When sailboats are racing, they sometimes get into a tacking duel. This occurs when the boats cross paths as they are travelling into the wind toward the same mark. A collision would be very expensive! GPS and RADAR technology can be used to predict the paths of the boats and determine if they will collide.

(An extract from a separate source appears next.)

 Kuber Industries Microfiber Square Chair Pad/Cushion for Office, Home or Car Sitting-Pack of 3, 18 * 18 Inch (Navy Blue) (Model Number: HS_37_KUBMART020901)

If the algebraic solution to a system of linear equations yields a unique pair of numbers, the lines intersect at exactly one point. If the algebraic solution gives an equation such as \(0x = 0\), the lines are coincident and have infinitely many solutions. If the system yields an impossible equation such as \(0x = 4\), the lines are parallel and have no solutions.
In three-space, lines can either intersect at a point, be parallel and distinct, be coincident, or be skew (not parallel and not intersecting).
Determine if the following lines intersect. If they do, find the coordinates of the point of intersection:
Line 1: \([x, y, z] = [7, 2, 6] + s[2, 1, 3]\)
Line 2: \([x, y, z] = [3, 9, 13] + t[1, 5, 5]\)
The direction vectors are not parallel since they aren't scalar multiples of each other.
First, we can write the corresonding parametric equations:
\(x_1 = 7 + 2s\)
\(y_1 = 2 + s\)
\(z_1 = 6 + 3s\)
\(x_2 = 3 + t\)
\(y_2 = 9 + 5t\)
\(z_2 = 13 + 5t\)
Next, we can set the equations to each other:
\(7 + 2s = 3 + t\)
\(2 + s = 9 + 5t\)
\(6 + 3s = 13 + 5t\)
Then, we can solve for \(t\). We can start by multiplying Equation 2 by 2:
\(2(2 + s = 9 + 5t)\)
\(4 + 2s = 18 + 10t\)
We can then solve for \(t\) by eliminating Equation 1 by Equation 2:
\(7 + 2s - (4 + 2s) = 3 + t - (18 + 10t)\)
\(7 + 2s -4 - 2s = 3 + t -18 - 10t\)
\(3 = -9t - 15\)
\(-9t = 18\)
\(t = -2\)
After, we can solve for \(s\) by substituting \(t\) into one of the equations. In this instance, we will substitute \(t\) into Equation 1:
\(7 + 2s = 3 + (-2)\)
\(2s = 3 -2 - 7\)
\(2s = -6\)
\(s = -3\)
By solving this system, we can determine that \(s =-3\) and \(t=-2\).
Finally, we can substitute \(s\) and \(t\) into Equation 3 to verify if our results are correct:
\(6 + 3(-3) = 13 + 5(-2)\)
\(6 - 9 = 13 -10\)
\(-3 = 3\)
Even though the first \(2\) lines meet, we can verify that there is no solution to the system of equations. This is because when we substituted the values for \(s\) and \(t\) into the third equation, the \(2\) sides weren't equal to each other.